A Study of the Specificity and Sensitivity of 5- Aminolevulinic Acid (ALA) Fluorescence in Malignant Brain Tumors

Brain Neoplasms Clinical Trial

Official title:

A Phase 1 and 2 Study of 5-aminolevulinic Acid (5-ALA) to Enhance Visualisation and Resection of Malignant Glial Tumors of the Brain

Clinical Trial Details — Status: Completed

Administrative data

• NCT number: NCT01128218
• Other study ID #: COZ-SIU 10-002-1
• Status: Completed
• Phase: Phase 1/Phase 2
• Start date: March 2011
• Est. completion date: February 2021

Study information

• Verified date: November 2023
• Source: Southern Illinois University
• Contact: n/a
• Is FDA regulated: No
• Study type: Interventional

Clinical Trial Summary

Extent of resection is a very important prognostic factor affecting survival in individuals diagnosed with a malignant glioma. However, the infiltrative nature of the malignant glioma tumor cells produces indistinct borders between normal and malignant tissues, and the lack of easily identifiable tumor margins confounds attempts at total resection. The investigators propose to identify the borders of malignant gliomas intraoperatively using oral 5-aminolevulinic Acid (5-ALA) which results in fluorescence of the malignant cells and thereby provide an opportunity for more complete tumor resection.

When exogenous 5-ALA is provided at increased concentration the tumor cells will become fluorescent under ultraviolet light. This feature identifies the tumor cells intraoperatively and facilitates complete resection.

Data collection will include measurement of dose-limiting toxicity, tumor fluorescence, and tumor density. Data analysis will evaluate toxicity, sensitivity, and specificity of 5-ALA.

Following completion of the phase 1 portion of this trial, an additional 14 subjects will be entered at the recommended phase 2 dose level in order to further define the above parameters at the recommended phase 2 dose level.

Description:

Specific Aims:

This study is intended to investigate the utility, safety and efficacy of 5-aminolevulinic acid (5-ALA) induced brain tumor fluorescence during malignant brain tumor resection. Specifically this study is intended to:

Establish a safe dose for oral 5-ALA administration. Determine the sensitivity and specificity of 5-ALA mediated fluorescence for malignant glioma tissue in the brain.

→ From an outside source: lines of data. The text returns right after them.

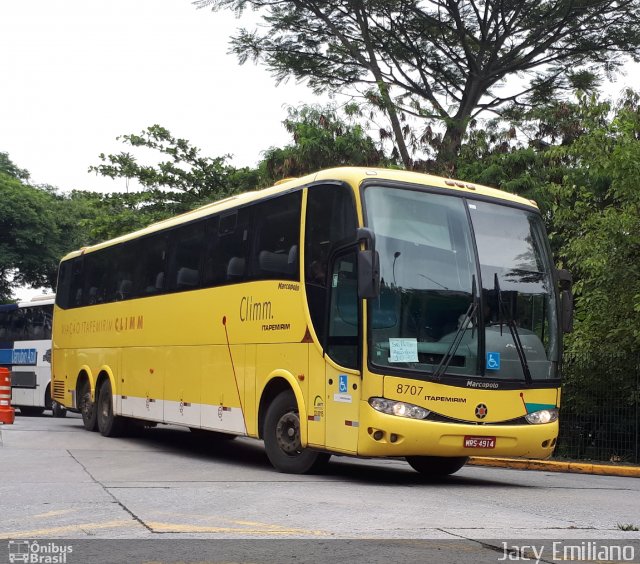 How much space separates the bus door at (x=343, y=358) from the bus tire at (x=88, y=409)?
942cm

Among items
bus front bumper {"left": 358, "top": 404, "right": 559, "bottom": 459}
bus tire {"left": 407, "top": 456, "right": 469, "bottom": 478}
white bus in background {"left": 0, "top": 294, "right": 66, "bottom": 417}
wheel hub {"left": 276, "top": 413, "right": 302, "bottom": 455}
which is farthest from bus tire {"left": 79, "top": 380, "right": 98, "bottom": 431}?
bus front bumper {"left": 358, "top": 404, "right": 559, "bottom": 459}

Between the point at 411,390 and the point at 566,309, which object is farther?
the point at 566,309

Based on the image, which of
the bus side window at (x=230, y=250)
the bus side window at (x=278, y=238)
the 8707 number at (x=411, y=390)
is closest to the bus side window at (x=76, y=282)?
the bus side window at (x=230, y=250)

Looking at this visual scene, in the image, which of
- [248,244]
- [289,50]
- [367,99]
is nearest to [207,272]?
[248,244]

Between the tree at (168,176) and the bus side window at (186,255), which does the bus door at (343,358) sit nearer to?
the bus side window at (186,255)

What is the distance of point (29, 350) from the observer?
29.7 metres

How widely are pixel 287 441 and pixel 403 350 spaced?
2202 millimetres

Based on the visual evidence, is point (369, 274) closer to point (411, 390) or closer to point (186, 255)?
point (411, 390)

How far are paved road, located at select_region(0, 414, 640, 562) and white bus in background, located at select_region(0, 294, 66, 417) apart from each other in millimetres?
14862

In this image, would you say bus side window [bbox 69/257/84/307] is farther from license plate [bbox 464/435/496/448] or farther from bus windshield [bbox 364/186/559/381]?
license plate [bbox 464/435/496/448]

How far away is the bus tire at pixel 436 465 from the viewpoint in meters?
12.6

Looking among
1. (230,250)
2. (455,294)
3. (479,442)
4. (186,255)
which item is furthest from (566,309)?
(186,255)

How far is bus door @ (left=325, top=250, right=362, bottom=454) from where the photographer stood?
35.3 ft

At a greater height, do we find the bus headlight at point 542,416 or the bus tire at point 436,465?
the bus headlight at point 542,416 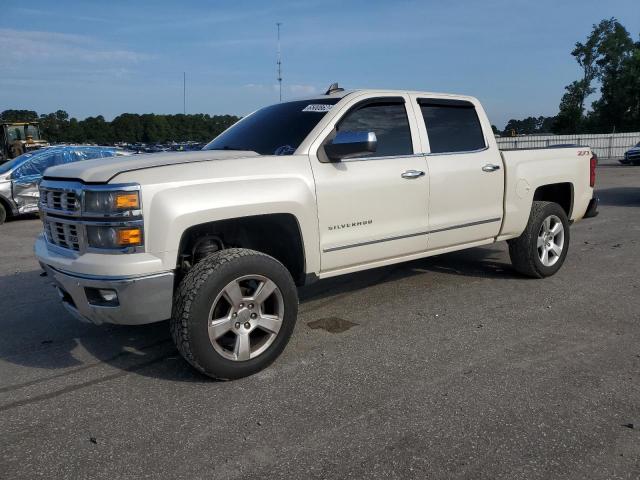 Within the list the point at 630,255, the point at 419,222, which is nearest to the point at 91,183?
the point at 419,222

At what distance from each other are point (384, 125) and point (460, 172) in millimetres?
863

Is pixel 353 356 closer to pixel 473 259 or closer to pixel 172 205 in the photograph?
pixel 172 205

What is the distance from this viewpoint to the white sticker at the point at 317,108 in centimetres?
442

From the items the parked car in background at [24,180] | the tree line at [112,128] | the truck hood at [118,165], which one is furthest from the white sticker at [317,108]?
the tree line at [112,128]

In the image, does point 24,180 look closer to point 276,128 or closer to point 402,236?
point 276,128

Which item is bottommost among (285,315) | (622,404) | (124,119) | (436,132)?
(622,404)

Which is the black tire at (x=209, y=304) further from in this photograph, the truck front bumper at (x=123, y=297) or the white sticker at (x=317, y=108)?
the white sticker at (x=317, y=108)

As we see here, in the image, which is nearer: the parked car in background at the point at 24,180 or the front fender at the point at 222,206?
the front fender at the point at 222,206

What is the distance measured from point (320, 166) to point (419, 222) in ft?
3.69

Background and Significance:

There is a considerable body of literature that suggests that completeness of resection is a positive factor for longer term survival in individuals with malignant glioma. Unfortunately, it is often difficult to completely remove a malignant brain tumor because during surgery it is sometimes very difficult to distinguish tumor from normal brain. It would be very helpful if there would be some way to help the surgeon make this distinction. Malignant glioma tumor cells (more so than normal cells) contain the biosynthetic pathways to produce protoporphyrin from a naturally occurring amino acid, 5-aminolevulinic acid (5-ALA). Protoporphyrin is the immediate precursor to hemoglobin (it is hemoglobin without the iron atom) and is fluorescent under blue light. When exogenous 5-ALA is provided at increased concentration, protoporphyrin concentration in the malignant cell increases at a rate far greater than normal brain cells and renders the malignant cell fluorescent red under blue light. This feature distinguishes the tumor cells from normal cells intraoperatively and facilitates complete resection.

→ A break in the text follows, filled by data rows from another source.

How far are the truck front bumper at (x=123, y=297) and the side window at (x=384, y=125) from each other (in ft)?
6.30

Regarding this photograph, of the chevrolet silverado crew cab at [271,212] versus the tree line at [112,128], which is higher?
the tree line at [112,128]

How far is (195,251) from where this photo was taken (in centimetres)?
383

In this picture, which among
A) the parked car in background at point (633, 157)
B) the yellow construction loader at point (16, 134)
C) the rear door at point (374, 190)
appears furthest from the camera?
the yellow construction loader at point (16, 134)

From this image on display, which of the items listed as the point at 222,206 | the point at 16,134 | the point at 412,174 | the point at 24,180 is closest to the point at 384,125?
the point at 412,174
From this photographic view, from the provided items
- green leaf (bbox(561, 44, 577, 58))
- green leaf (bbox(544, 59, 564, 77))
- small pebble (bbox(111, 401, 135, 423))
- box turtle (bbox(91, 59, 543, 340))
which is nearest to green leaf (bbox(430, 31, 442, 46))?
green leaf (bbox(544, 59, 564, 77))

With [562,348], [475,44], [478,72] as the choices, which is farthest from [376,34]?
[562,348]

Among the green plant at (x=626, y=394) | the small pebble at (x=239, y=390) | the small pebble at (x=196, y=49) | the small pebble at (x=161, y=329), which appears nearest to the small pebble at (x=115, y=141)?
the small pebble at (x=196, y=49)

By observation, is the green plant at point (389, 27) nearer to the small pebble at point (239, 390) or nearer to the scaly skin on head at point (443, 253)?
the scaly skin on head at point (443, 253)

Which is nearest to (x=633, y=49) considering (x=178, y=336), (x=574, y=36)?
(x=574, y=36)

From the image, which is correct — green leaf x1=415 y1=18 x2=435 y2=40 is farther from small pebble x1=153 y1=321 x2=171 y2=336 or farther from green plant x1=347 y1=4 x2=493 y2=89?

Recent studies in Germany have confirmed the utility of pre-operative oral 5-ALA and intraoperative brain tumor fluorescence in aiding the resection of brain tumors in individuals with malignant brain tumors. These studies have led to oral 5-ALA to be approved for this indication by the European Medicines Agency, but oral 5-ALA has not been approved for this indication by the United States FDA. This proposal is a phase 1 and phase 2 trial that will hopefully lead to FDA approval of oral 5-ALA for intra-operative visualization of malignant brain tumors.

Experimental Plan and Methods:

In the phase 1 part of this proposed study, a minimum of 3 to a maximum of 19 patients will be administered oral 5-ALA 4 hours prior to surgery in cohorts of 3 at five escalating doses of 5-ALA (10, 20, 30, 40, or 50 mg/kg).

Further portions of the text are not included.